Para as grandes empresas tudo se torna mais fácil, na medida em que processos como reciclagem dos colaboradores, obtenção de novas tecnologias, ampliação das instalações, financiamentos e até incentivos fiscais do governo, para esse nicho de organizações são bem mais tranqüilos.

Mas e para as pequenas empresas, aquelas que necessitam de tudo isso e ainda garantir a retenção dos talentos?

Abordaremos esses pontos nesse artigo, como uma pequena empresa e muitas vezes familiar, pode e necessita inovar a todo o momento para não morrer.

Primeiro precisamos avaliar os paradigmas das empresas familiares, em muitos casos não delegam aos seus profissionais e não trabalham com responsabilidades.

Grande parte de empresas familiares, o dono quer ver tudo, assinar tudo, contratar, demitir, sem ele a empresa fecha. Mas a agilidade e inovação nesses casos ficam extremamente comprometidas, já que tudo depende de uma única pessoa, sem ele nada anda, os profissionais não podem opinar e nem melhorar a forma de trabalho ou os processos que são arcaicos e do tempo em que não existia computador, quem dirá internet!!!!
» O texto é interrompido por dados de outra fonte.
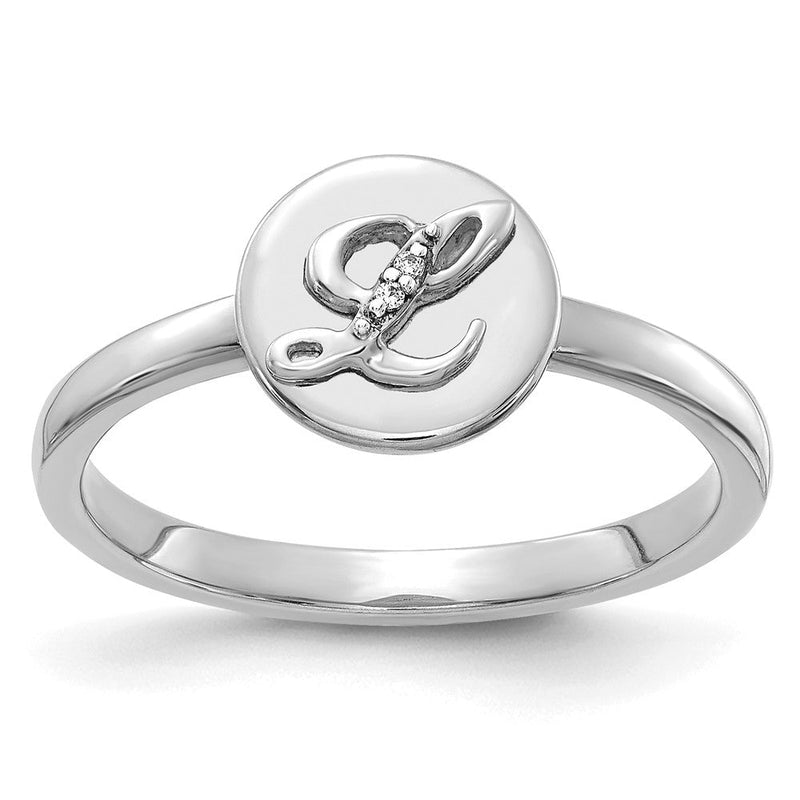 14K Weißgold Ring mit natürlichem Diamant-Buchstaben „L“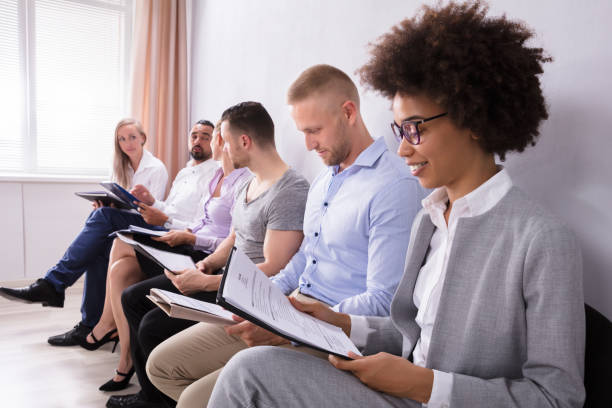 istock Group Of Diverse People Waiting For Job Interview 1322671071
Inovação e melhoria contínua para essas empresas são consideradas como um obstáculo, verdadeiras barreiras e não como uma poderosa ferramenta para a gestão estratégica da organização.

É claro que todo dono de empresa que começou seu negócio pequeno e conseguiu se estabilizar ou crescer com os processos e métodos antigos, acabam não vislumbrando novos cenários e que profissionalizando as relações da empresa, poderá obter mais sucesso e dedicar seus esforços naquilo que ele realmente é bom, que é empreender.

É como um pai que vê o filho crescer e no momento que precisa solta-lo para o mundo (fazer viagens, sair com os amigos para as famosas baladas, etc.), acaba não tendo coragem ou habilidade para libera-lo, mas eu vos digo, não adianta segura-lo, o melhor a fazer é orienta-lo, passar os seus valores e premissas, solta-lo aos poucos para que possa ir se familiarizando com as novas responsabilidades e com o novo mundo, acompanha-lo de perto para verificar se as decisões estão sendo tomadas de acordo com o que foi planejado, emitir feedback para corrigir erros e enobrecer os acertos.
Assim poderemos agir com assertividade tanto no exemplo acima quanto nas empresas familiares, que em sua grande maioria são pequenas.

É importante ressaltar que as pequenas empresas necessitam de profissionais pró-ativos e com visão generalista, que entendam do negócio, mas também de pessoas, que conheçam os clientes e os fornecedores da organização.

Pude acompanhar o crescimento da empresa que estou atualmente e posso afirmar com certeza, que o que fará a diferença para as pequenas, serão a pró-atividade de seus colaboradores, alinhado ao espírito de equipe com o empreendedorismo dos sócios.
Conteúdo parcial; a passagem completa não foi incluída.